Sri Lanka criticizes appointment of UN rights panel to advise on alleged war abuses

By Bharatha Mallawarachi, AP
Wednesday, June 23, 2010

Sri Lanka criticizes UN human rights probe

uCOLOMBO, Sri Lanka — Sri Lanka criticized the United Nations for appointing a panel of experts to look into alleged human rights abuses committed during Sri Lanka’s civil war, saying Wednesday it is “totally unacceptable.”

The three-member panel appointed by the U.N. chief on Tuesday is headed by a former Indonesian attorney-general Marzuki Darusman, also the U.N.’s special rights investigator for North Korea.

Its job is to advise U.N. Secretary-General Ban Ki-moon on alleged violations of international rights and humanitarian laws during the war’s final stages. The panel aims to get cooperation from Sri Lankan officials and to complete its advisory work within four months.

The appointment of the panel came as Sri Lanka is facing growing international criticism for not examining abuses allegedly committed during the last phase of the civil war that ended in May 2009, when government forces crushed the rebels who had fought for a separate state in the north for ethnic minority Tamils.

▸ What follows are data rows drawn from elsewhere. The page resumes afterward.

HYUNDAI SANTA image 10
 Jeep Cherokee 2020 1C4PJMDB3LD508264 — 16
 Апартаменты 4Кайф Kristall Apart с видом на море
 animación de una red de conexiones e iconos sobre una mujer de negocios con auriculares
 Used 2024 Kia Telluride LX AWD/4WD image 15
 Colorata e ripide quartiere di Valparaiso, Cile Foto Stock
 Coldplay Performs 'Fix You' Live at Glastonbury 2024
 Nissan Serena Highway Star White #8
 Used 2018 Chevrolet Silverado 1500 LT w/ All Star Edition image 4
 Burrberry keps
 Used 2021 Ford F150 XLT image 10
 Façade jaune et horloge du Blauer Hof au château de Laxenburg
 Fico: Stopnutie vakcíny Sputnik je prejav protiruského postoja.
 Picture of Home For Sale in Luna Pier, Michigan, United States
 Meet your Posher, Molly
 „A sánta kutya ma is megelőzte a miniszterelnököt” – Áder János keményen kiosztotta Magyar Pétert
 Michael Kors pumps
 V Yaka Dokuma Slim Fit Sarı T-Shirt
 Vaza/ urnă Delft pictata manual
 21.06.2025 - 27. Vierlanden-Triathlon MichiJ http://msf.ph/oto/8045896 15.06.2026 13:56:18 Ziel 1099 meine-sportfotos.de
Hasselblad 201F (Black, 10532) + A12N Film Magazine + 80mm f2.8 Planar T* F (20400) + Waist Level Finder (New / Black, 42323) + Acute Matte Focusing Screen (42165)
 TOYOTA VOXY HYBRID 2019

The U.N. says more than 7,000 civilians died in the last five months of the conflict. Rights groups say they have photographic and video evidence and have called for war crime investigations. Sri Lankan officials have refused calls to establish an international tribunal.

On Wednesday, Sri Lanka’s government spokesman and minister Keheliya Rambukwella said they have “shown our displeasure” over this appointment and called it “totally unacceptable and unwarranted.”

Rambukwella said it is “regrettable” to note the U.N. had appointed this panel “at a time when president Mahinda Rajapaksa himself appointed a commission” to investigate alleged human rights abuses during the war.

Rajapaksa last month appointed the “Lessons Learned and Reconciliation Commission,” which will also recommend compensation for victims of the bloody conflict that claimed an estimated 80,000-100,000 lives.

The European Union on Tuesday warned Sri Lanka will lose preferential trade status unless the country commits to improving its dismal human rights record within six months.

The other two members of the U.N. panel are Yasmin Sooka, a South African former member of the commission that investigated apartheid atrocities, and Steven Ratner, an American lawyer and author of a book on the struggle among nations to hold people accountable for human rights abuses.